The variables whose types were nominal and ordinal were recoded as dummy variables. Variables with more than two categories, such as education was coded as less than high school and with high school and above, and self-rated health was coded as poor or fair and good or excellent. Continuous variables, such as age and duration of diabetes were dichotomized as younger and older and with shorter duration of diabetes and longer duration of diabetes, respectively, using the median split technique (the median for age was 48 years old and the median for duration of diabetes was 172 months). Finally, diabetes type was already dichotomized as type 1 or type 2 diabetes.

Results

A sample of 74 females and 67 males, all of whom used insulin to manage their diabetes, was included in the analysis. The great majority was Caucasian (74.5%) and most of others were African-American (20.6%). The majority was married (59.6%), had some college education (65.3%), was employed outside the home (52.4%), was working more than 31 hours per week (52.4%), and had health insurance covering medication and supplies for diabetes care (87.9%). Subjects were on average 48.38 years of age, had had diabetes management classes to learn about disease management and development of psychomotor skills for self-care (64.5%), and reported having between two and five people who could help them as needed (62.4%). Finally, subjects’ glycosylated hemoglobin levels were on average 8%.

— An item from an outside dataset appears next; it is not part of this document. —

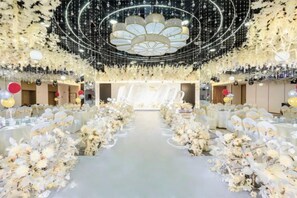 A banquet hall with a central aisle, tables on either side, and a ceiling with hanging lights. - Xijian Hotel (Baoji)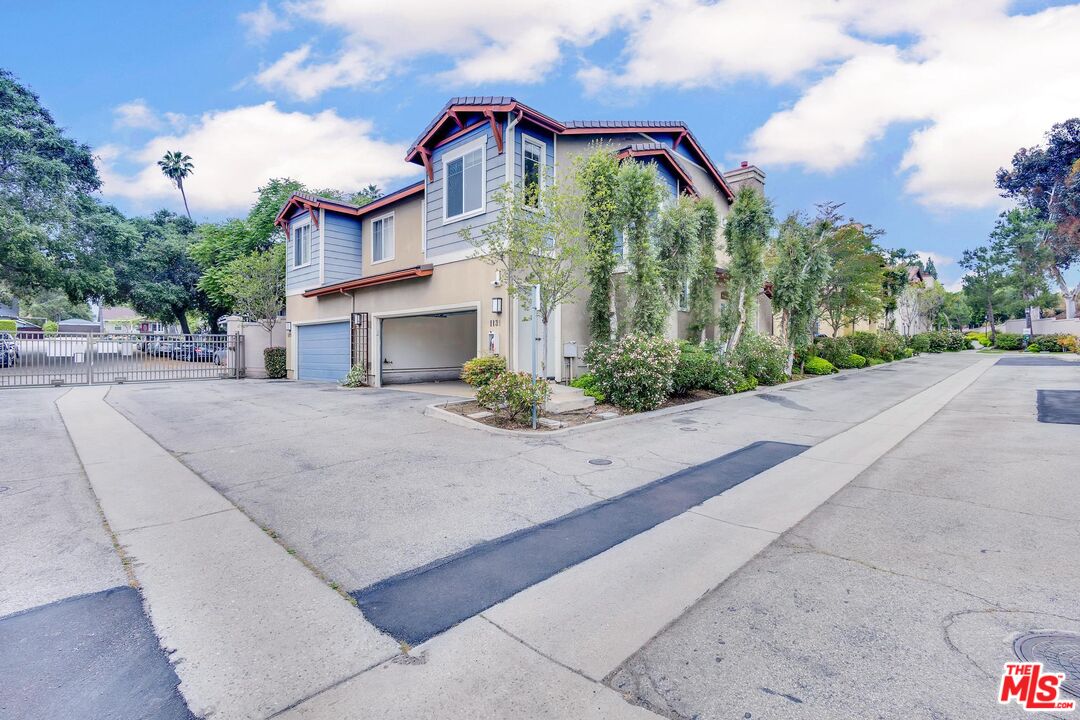 1131 Rosewalk Way Pasadena, CA 91103 - Photo 38 of 42 a view of a house with palm trees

As shown in Table 1, there were no statistically significant differences in mean scores on the major study variables between individuals who were male (n = 67) or female (n = 74). The power analysis of this test was between .80 and.83, and was based on a medium effect size d = .50 and a two tailed alpha level of .05.25,26

 

Table 2 shows that there were statistically significant mean differences between individuals who were younger (n = 72) and individuals who were older (n = 69) on diabetes knowledge, t (139) = 2.60, p = .010, self-care agency, t (139) = -2.32, p = .022, and diabetes self-care management, t (139) = -2.33, p = .021. The power analysis of this test was between 83 to 85 percent considering a medium effect size d = .50 and a two tailed alpha level of .05.25,26

On average, individuals who had higher diabetes knowledge scores (M = 18.97, SD = 2.56) were younger than those who had lower scores (M = 17.58, SD = 3.68); the standard error of the mean differences was .54. And, individuals who had greater self-care agency (M = 94.58, SD = 11.11) and who performed more diabetes self-care activities (M = 134.43, SD = 19.96) were older than those who had less self-care agency (M = 90.35, SD 10.47) and who performed fewer diabetes self-care activities (M = 125.75, SD 24.08). The standard errors of the mean differences were 1.82 and 3.72 respectively.

 

Table 3 also shows that there were statistically significant mean differences in diabetes knowledge, t (139) = -3.91, p < .001, between individuals with a high school education or less (n = 49) and those with more than a high school education (n = 92). The power analysis of this test was between 67 to 71 percent considering a medium effect size d = .50 and a two tailed alpha level of .05.25,26 However, individuals with a high school education or above had more diabetes knowledge (M = 19.10, SD 2.62) than those with less than a high school education (M = 16.78, SD = 3.69). This result must be interpreted with caution because the power of the statistical test was below the accepted criterion of 80 percent for behavioral research.25 The standard error of the mean differences was .59.

As Table 4 shows, there were statically significant differences between individuals with diabetes type 1 (n =63) and individuals with diabetes type 2 (n = 78) in scores on diabetes knowledge, t (139) = - 2.77, p = .006, and diabetes self-care management, t (139) = - 2.06, p = .041. The power analysis of this test was exactly 80 percent considering a medium effect size d = .50 and a two tailed alpha level of .05.25,26

Individuals with type 1 diabetes had better diabetes knowledge (M = 19.11, SD = 3.19) and performed more diabetes self-care activities (M = 134.25, SD = 20.71) than those with type 2 diabetes (M = 17.63, SD = 3.11 and M 126.56, SD = 23.43, respectively). The standard errors of the differences were .53 and 3.72.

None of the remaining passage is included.